Review | The Strangers: Prey at Night | 2018
Ten years have passed since the release of The Strangers, a tense, Hitchcockian home invasion horror film that turned random crime into the stuff of nightmares. It all felt frighteningly plausible, a couple terrorized by a trio of murderers whose only motivation was that "you were home."
We never really got to know the couple at the center of the film, which worked in the film's favor, allowing the audience to easily project itself into the film. For the belated sequel, The Strangers: Prey at Night, not only does the film spend more time getting to know the characters (both a blessing and a curse), it also is a complete stylistic 180 from its predecessor. Whereas The Strangers was a quiet, slow-building thriller, Prey at Night is a garish 1980s throwback, complete with neon colors and a pulsing soundtrack replete with ubiquitous 80s pop (not to mention a John Carpenter-esque score by Adrian Johnston).The masked killers themselves, so chillingly human before, now possess borderline superhuman abilities not unlike Jason Voorhees, which keeps with the 80s theme but makes them far less scary. Their random targets this time is a family on their way to take their troubled teenaged daughter, Kinsey (Bailee Madison) to boarding school. They stop overnight at a trailer park and campground run by a relative, only to find themselves running for their lives.
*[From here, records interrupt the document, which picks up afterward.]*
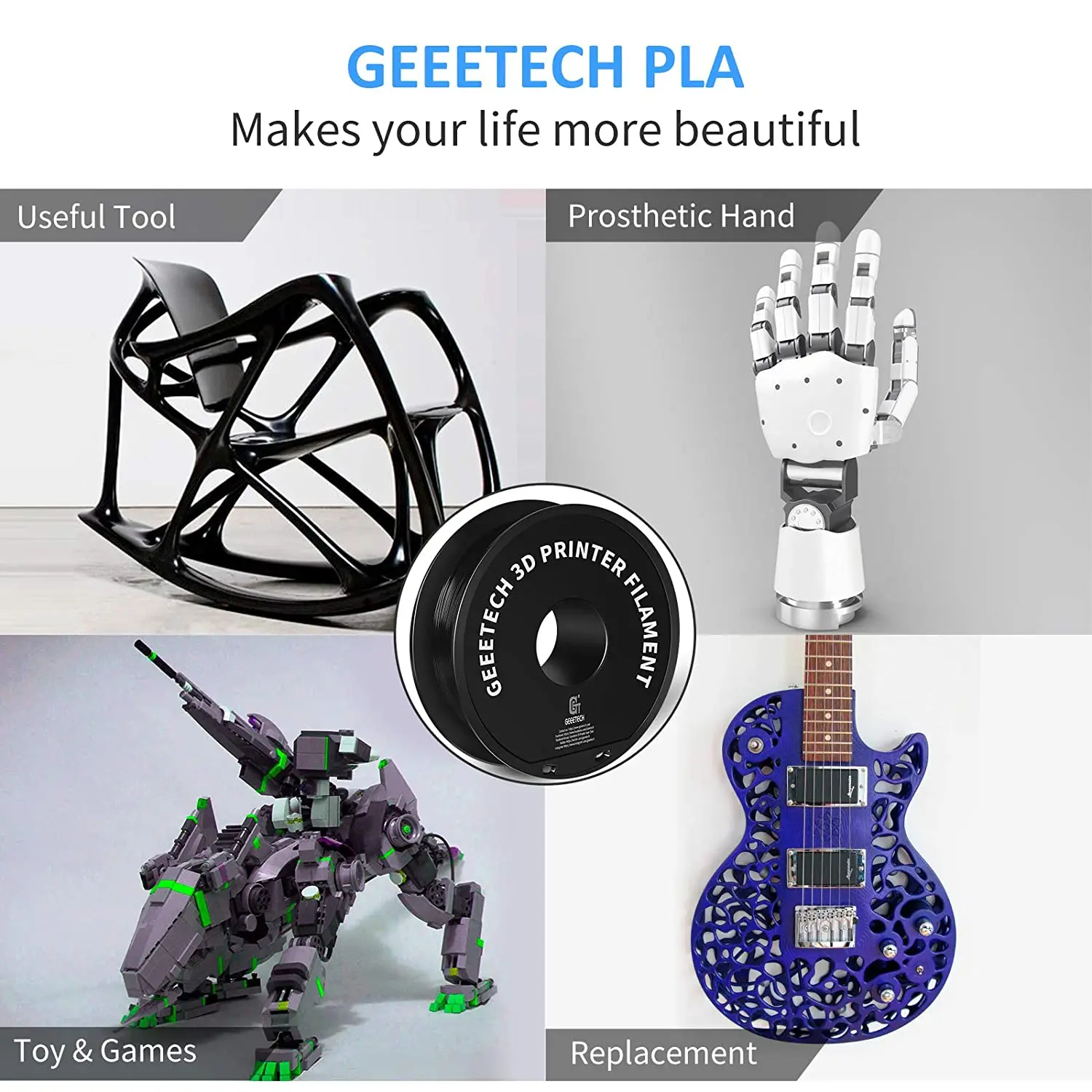 Geeetech 1Kg 1.75Mm Pla/Petg/Abs 3d Printer Filament Vacuüm Verpakking Overzeese Magazijnen Een Verscheidenheid Aan Kleuren Snel Schip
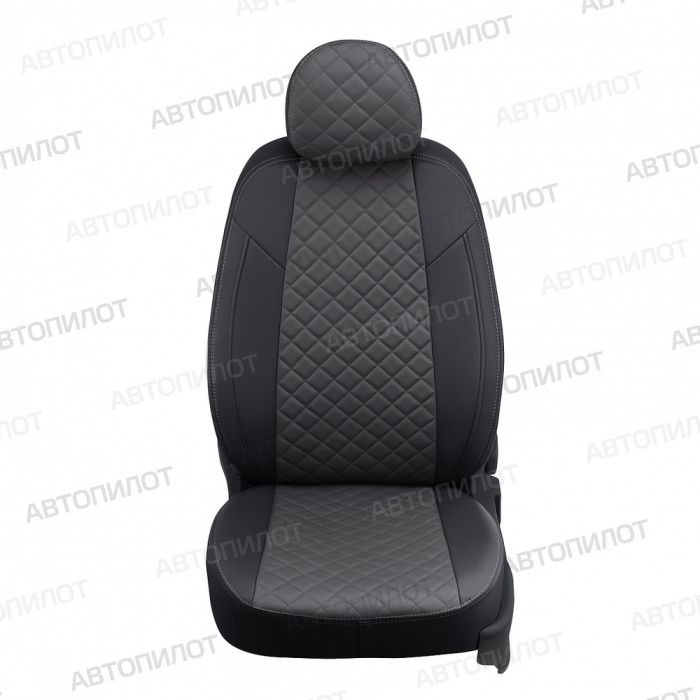 Seat covers for Chevrolet Cruze from 2009 to 2016, diamond pattern, eco leather, black + dark gray, Autopilot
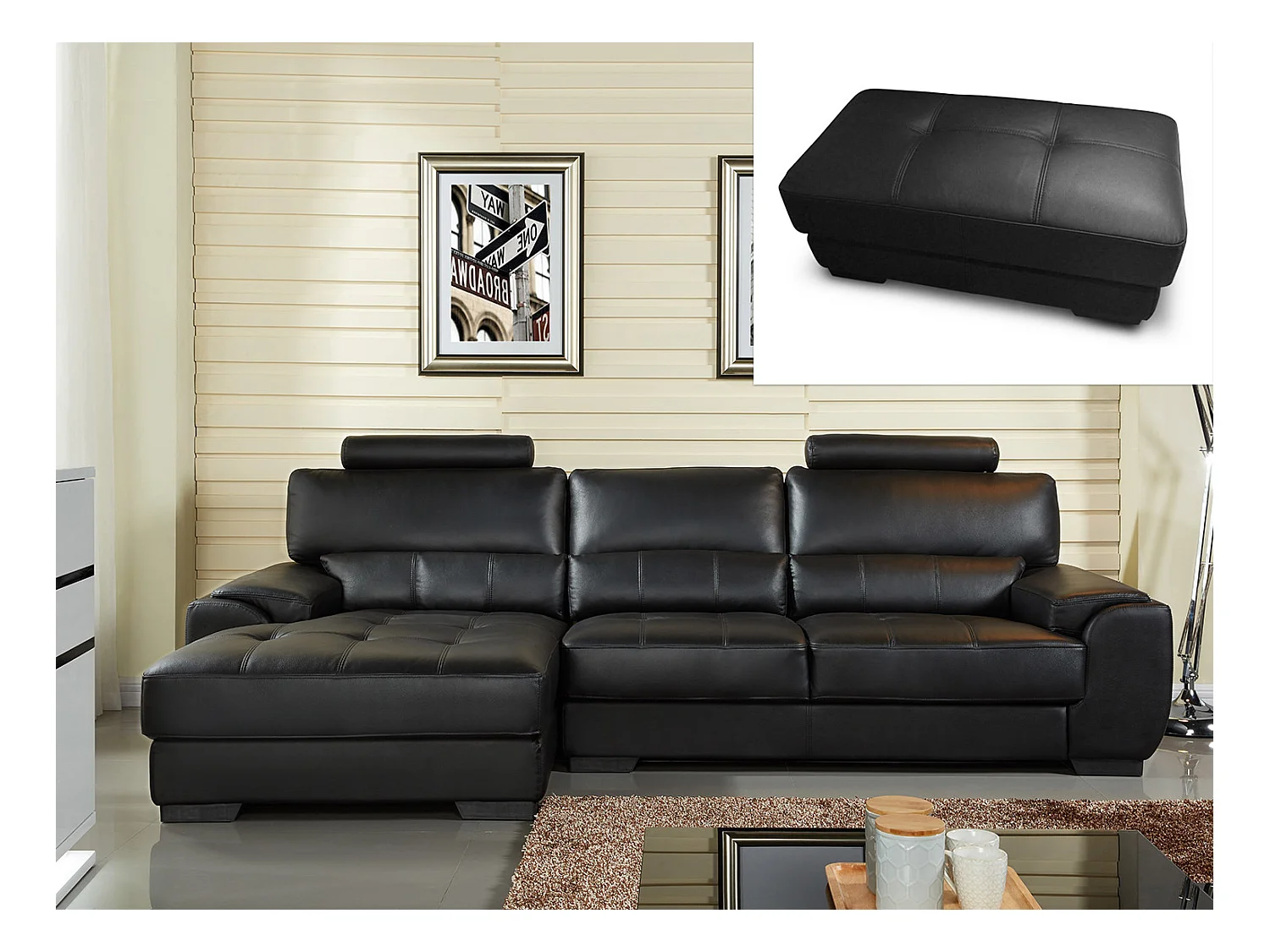 Ecksofa Leder & Sitzhocker - Ecke Links - Schwarz - METROPOLITAN II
You have to give Prey at Night credit for at least trying not to rehash the original, charting its own course with its own unique tone. Yet despite its aesthetic departures, it's just not particularly interesting. Its surface level attempts at character development actually make the film less scary. Conventional wisdom tells us that getting to know the characters will actually make us feel for them though, but the emotional connections it creates actively take away from the original's harrowing anonymity. The same goes for the villains, which seem to be everywhere all the time. Prey at Night explores their vulnerabilities, allowing our heroes the chance to fight back against their random sadism, but in so doing ask for a suspension of disbelief that wasn't necessary in The Strangers.
That's not to say that The Strangers was a great film, but there was something quietly effective, and hauntingly real, about its eerily unexplained sense of random violence without explanation. Prey at Night doesn't try to rationalize it, but it does try to ratchet up the stakes, and the result is a significantly diminished return. Not even its climactic homage to The Texas Chainsaw Massacre can elevate it over typical slasher fare, and its final attempt at a twist ending makes even less sense than the original's misguided jump-scare stinger.
80s nostalgia is all the rage right now, and director Johannes Roberts certainly tries to elevate the material (the soundtrack is probably its strongest asset), but it doesn't make a lot of sense for a film set in modern day, and never quite escapes the feeling that we've seen all this before. This is one horror franchise that would have been best left as a one-off, its killers unexplained, its outcome uncertain, its masked murderers forever anonymous. Instead, Prey at Night tries to expand the mythology of characters that were best left alone.